Thousands of neighborhood schools already have adopted many of these sweeping changes, even though Obama hasn't yet distributed a penny of the Race to the Top grants. Recession-socked states such as California, Wisconsin, Michigan, and Louisiana are trying to improve their chances of winning some of the money by enacting laws permitting more charter schools and making teacher merit pay an option for school districts.
Also accelerating the reforms: the way Obama's education secretary, Arne Duncan, intends to hand out the funds. He plans to divvy up that $4 billion among the few states that win a competition to prove they will change their schools in ways the administration deems most likely to succeed. The states that propose the least aggressive reforms won't get any money from this fund. An additional $650 million will be awarded to a few lucky school districts and nonprofits that can convince the administration they've also found better ways to teach.
On top of that, $350 million will fund states and programs that develop common educational goals for each grade, as well as better tests to determine whether kids are meeting those standards and how well teachers are teaching.
Duncan insists that he won't bow to political pressure to make sure every state gets at least a little of the extra money and that he will fund only projects that provide evidence they will help students. But skeptics abound. Already, states with poor reform records are lobbying for exemptions. And many critics note that some of the administration's pet strategies, including merit pay, aren't backed by research.

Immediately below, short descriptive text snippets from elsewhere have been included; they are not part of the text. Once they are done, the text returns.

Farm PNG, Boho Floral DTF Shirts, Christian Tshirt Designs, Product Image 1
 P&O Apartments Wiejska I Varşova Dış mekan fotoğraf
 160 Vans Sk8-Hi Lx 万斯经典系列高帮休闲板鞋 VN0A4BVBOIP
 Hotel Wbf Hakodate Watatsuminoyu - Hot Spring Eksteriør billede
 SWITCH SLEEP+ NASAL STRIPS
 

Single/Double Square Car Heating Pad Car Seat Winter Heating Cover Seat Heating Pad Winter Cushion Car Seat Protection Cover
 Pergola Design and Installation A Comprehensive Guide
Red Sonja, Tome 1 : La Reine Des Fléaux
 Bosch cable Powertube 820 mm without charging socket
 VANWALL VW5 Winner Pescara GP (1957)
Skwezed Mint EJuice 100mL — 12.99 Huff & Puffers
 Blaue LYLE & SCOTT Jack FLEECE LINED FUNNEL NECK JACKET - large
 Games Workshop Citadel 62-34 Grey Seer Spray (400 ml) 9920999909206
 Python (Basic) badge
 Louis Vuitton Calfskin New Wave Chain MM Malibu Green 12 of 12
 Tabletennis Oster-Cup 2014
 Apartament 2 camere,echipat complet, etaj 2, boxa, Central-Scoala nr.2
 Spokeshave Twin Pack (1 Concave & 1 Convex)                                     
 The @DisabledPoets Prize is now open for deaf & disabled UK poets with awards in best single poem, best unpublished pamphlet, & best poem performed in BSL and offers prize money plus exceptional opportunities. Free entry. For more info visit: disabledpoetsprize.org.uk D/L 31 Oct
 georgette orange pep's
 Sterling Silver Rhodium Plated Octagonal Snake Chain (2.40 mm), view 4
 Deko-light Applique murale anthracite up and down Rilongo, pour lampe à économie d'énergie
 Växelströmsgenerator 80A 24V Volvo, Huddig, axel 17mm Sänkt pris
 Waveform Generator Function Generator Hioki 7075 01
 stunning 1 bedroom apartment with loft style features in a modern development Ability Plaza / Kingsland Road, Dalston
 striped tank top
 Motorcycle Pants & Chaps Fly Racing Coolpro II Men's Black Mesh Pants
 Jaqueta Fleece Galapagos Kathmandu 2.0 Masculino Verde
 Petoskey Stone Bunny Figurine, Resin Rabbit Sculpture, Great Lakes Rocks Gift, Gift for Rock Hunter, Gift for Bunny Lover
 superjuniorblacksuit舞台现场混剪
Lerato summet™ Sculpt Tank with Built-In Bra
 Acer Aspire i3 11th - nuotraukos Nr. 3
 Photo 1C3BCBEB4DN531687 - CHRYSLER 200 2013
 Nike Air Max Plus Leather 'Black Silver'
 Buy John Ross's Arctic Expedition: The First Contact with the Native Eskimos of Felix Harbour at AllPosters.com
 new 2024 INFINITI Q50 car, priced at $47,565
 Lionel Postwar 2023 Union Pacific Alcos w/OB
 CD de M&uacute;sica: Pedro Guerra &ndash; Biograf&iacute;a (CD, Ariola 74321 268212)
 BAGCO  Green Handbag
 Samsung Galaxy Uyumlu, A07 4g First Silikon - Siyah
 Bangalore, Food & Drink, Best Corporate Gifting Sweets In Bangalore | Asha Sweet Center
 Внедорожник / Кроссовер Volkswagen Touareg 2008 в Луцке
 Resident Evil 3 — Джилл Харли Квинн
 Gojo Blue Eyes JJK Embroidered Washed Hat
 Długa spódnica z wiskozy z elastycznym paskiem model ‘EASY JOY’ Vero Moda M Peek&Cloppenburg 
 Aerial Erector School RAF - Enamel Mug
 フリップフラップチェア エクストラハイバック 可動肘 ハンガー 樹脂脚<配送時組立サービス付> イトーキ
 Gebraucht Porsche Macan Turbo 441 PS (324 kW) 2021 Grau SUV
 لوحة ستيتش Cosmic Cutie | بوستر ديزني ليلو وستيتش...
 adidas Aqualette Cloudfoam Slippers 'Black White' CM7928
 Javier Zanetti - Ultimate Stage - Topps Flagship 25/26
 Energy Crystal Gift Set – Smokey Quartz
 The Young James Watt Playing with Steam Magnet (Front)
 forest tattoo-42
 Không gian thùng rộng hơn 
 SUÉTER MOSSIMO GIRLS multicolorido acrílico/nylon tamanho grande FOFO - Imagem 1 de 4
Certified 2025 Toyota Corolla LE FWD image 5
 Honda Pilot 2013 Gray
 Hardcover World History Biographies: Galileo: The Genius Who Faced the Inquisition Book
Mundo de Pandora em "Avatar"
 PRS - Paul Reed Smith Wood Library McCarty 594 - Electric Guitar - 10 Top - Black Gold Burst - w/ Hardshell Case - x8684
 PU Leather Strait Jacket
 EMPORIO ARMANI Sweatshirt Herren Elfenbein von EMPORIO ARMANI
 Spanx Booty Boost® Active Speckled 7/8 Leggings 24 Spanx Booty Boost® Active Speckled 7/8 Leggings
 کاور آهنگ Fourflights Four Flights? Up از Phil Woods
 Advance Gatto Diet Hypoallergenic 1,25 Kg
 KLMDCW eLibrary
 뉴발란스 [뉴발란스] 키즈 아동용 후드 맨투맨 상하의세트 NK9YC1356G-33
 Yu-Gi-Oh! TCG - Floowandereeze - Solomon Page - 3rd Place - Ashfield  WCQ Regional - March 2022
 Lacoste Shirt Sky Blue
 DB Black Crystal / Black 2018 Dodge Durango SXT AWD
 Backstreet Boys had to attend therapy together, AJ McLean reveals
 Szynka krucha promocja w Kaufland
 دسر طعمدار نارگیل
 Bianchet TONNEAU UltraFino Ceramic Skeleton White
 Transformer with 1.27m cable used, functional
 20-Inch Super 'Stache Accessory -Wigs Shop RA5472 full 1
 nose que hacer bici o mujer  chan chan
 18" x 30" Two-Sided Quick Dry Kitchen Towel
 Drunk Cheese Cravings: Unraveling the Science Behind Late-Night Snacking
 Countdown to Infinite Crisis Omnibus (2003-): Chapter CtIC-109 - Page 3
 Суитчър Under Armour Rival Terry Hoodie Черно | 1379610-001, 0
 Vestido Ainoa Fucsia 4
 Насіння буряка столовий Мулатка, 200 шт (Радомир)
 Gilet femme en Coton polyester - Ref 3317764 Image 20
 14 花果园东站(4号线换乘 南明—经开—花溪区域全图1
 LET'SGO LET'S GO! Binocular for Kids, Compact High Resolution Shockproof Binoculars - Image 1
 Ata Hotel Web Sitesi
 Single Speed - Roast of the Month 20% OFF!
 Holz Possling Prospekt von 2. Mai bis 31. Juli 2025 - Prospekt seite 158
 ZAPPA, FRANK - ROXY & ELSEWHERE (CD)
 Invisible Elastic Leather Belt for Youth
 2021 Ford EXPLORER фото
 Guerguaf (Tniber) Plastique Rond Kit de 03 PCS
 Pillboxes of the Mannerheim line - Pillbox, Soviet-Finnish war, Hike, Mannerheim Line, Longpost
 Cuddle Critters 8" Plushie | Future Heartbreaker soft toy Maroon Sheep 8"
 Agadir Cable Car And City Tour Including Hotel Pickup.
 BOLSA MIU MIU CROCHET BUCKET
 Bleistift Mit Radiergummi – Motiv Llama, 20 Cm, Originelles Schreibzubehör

Even those strategies that have been shown to improve learning work only if executed well. Requiring students to spend more hours in a rotten school could hurt more than help, after all. Doing more than splashy, superficial reforms often requires expensive and politically unpopular actions—flunking students who don't pass standardized tests, firing principals and teachers whose students don't perform well, and funneling extra tax dollars to low-income schools that need more help—that are difficult even in good economic times. "Clearly, [Race to the Top] is going to have a huge impact," says Robert Slavin, director of the Center for Research and Reform in Education at Johns Hopkins University whose Success for All teaching technique is one of the few reforms proven to raise elementary students' test scores. Whether the president's plan will work is still unclear, Slavin says.